How The Frame Skipping Test Works
The test runs a requestAnimationFrame loop and records the timestamp delta between each callback. In a properly-vsynced browser on a 60 Hz monitor, every delta should be roughly 16.67 ms; on a 144 Hz panel, 6.94 ms. Any delta exceeding 1.5× the expected interval is flagged as a skipped frame, and the number of frames skipped is derived by rounding delta / expected. The first ~1 second of test time is used to auto-calibrate the expected interval (median of initial deltas), so the same test works on 60, 75, 120, 144, 165, 240, and 360 Hz displays without configuration.
Why Browsers Skip Frames
Even on fast hardware, browsers skip frames for several reasons: JavaScript garbage collection stalling the main thread for 20+ ms, layout thrashing from extensions mutating the DOM, GPU compositing falling behind on scroll or animation, hardware acceleration being disabled, or thermal throttling on laptops. Battery-saver profiles often downclock the GPU and cause occasional skips. If your test shows steady skips every 1-2 seconds at a predictable cadence, the culprit is almost always a browser extension hooking into every frame (common with screenshot tools and ad blockers that rewrite CSS live).
Frame Skipping vs FPS
FPS alone does not tell you about frame pacing. You can average 144 fps with a pattern like 5, 15, 5, 15 ms per frame and feel like garbage, because half your frames are stuttering. A true benchmark needs to measure the distribution of frame times, not just the mean. This tool reports the worst delta, jitter (standard deviation), and count of skipped frames so you can tell whether your 60 Hz display is actually showing 60 smooth frames per second or an uneven 58-62 fps with visible hitching.
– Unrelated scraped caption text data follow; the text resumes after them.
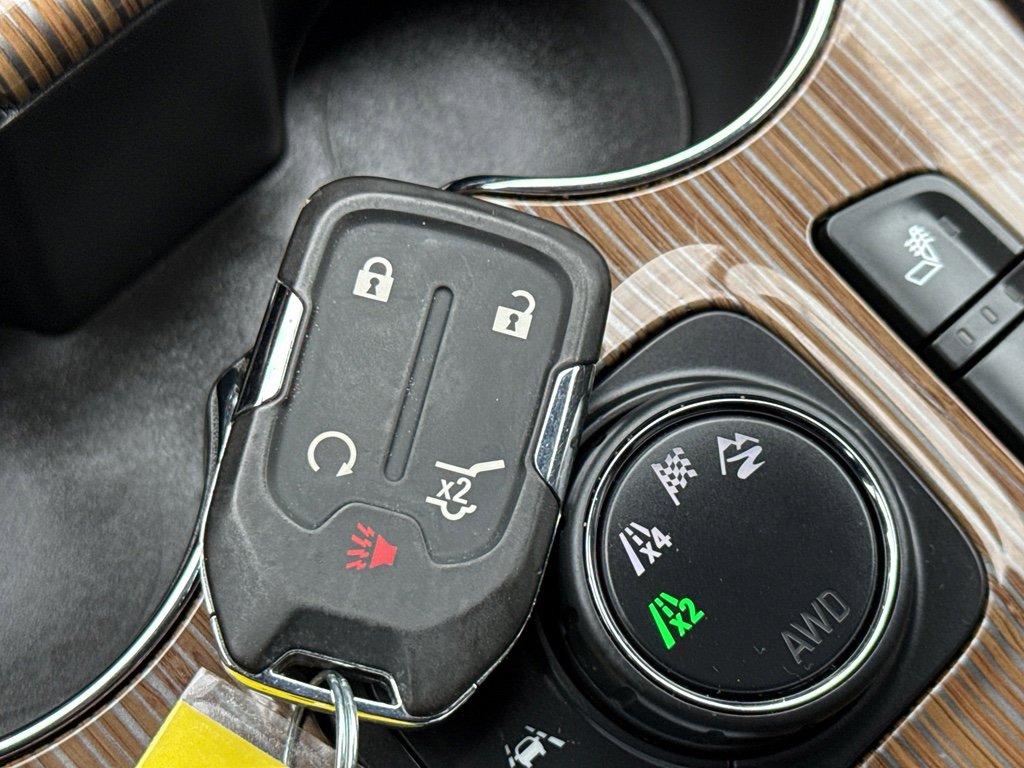 Used 2023 GMC Acadia SLE w/ Driver Convenience Package image 38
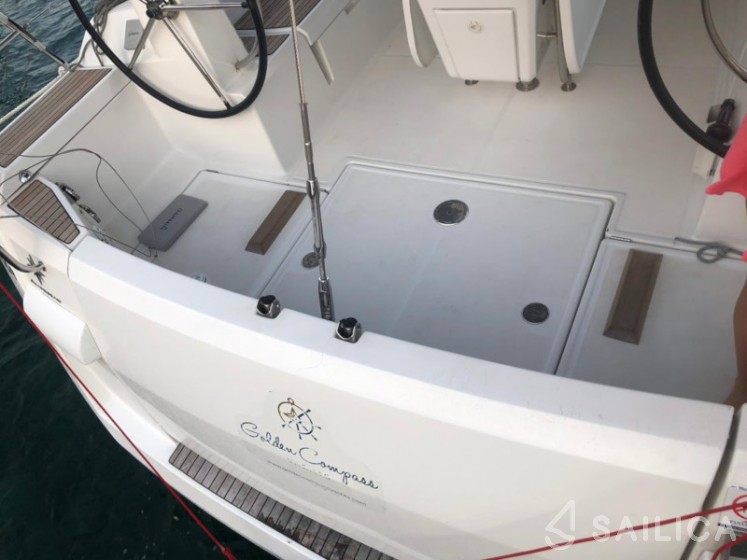 Sun Odyssey 519 - Yacht Charter Sailica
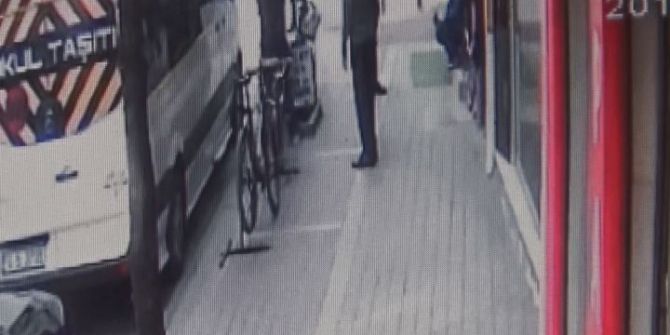 Bursa’da Cadde Ortasındaki Dehşet Dakikaları Kameraya Böyle Yansıdı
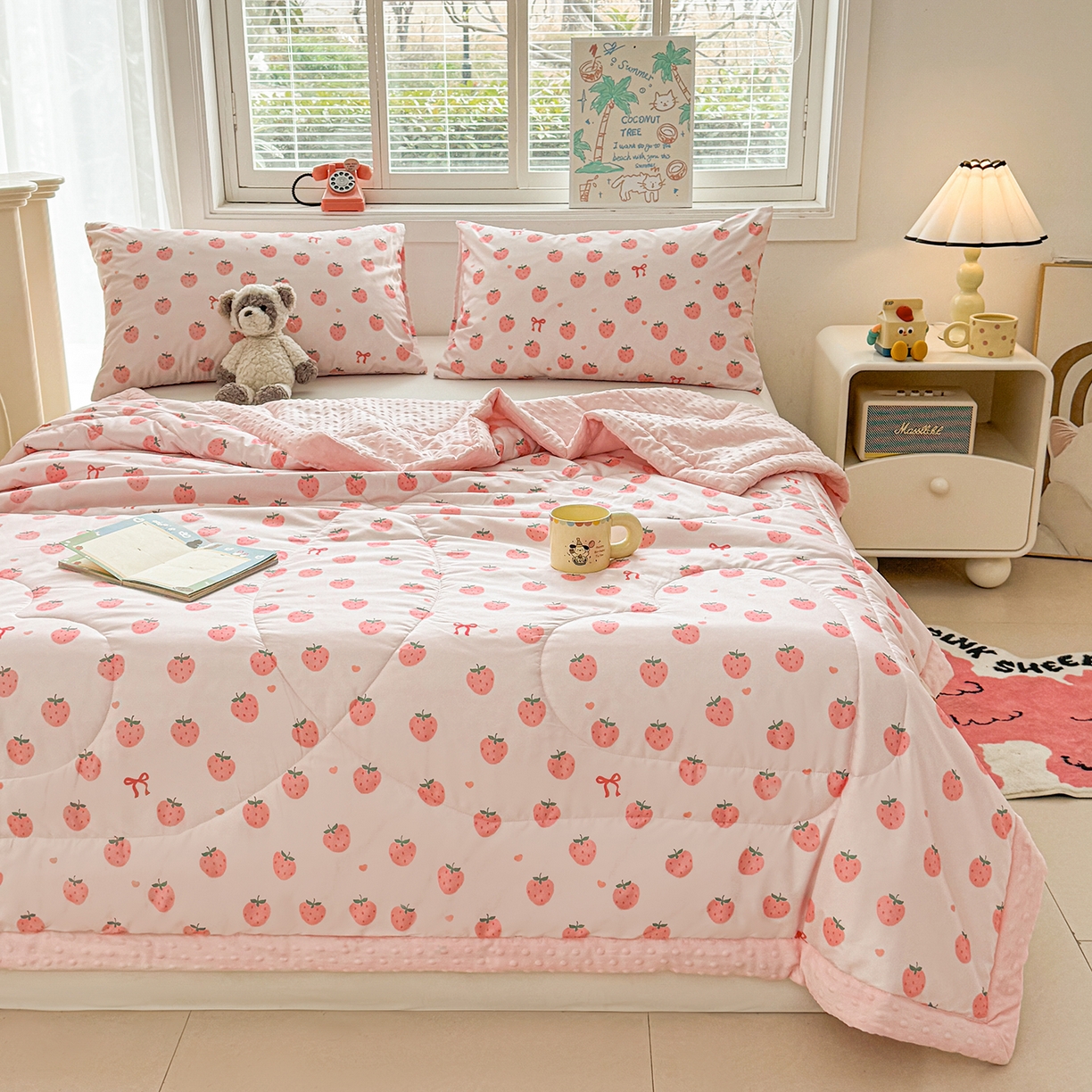 91家纺网 家纺一手货源 找家纺 悦织语 2026新款A类水洗棉双层纱豆豆被大豆夏凉被 草莓波波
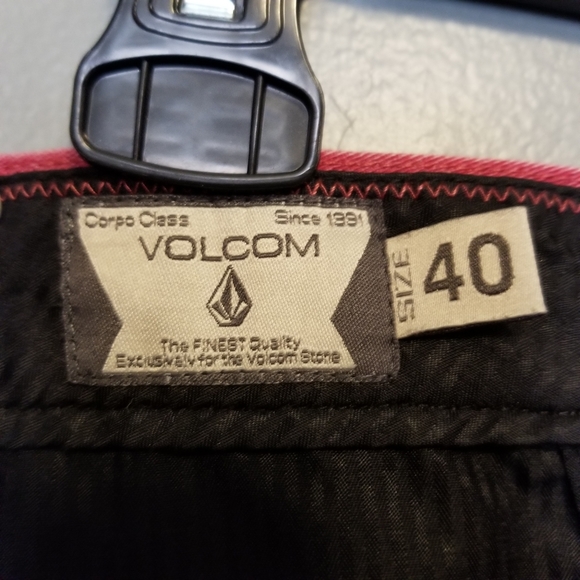 Volcom CORPO CLASS shorts faded red size 40 - Picture 7 of 9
Using This With Other Display Tests
Pair this tool with our FPS test, refresh rate test, and ghosting test for a complete display workflow. FPS tells you the average rate, refresh rate tells you what the panel supports, ghosting tells you about pixel response time, and this test tells you whether the browser is actually delivering frames at the expected cadence. A panel can have zero ghosting, native 240 Hz support, and still feel choppy if the browser is dropping every fifth frame.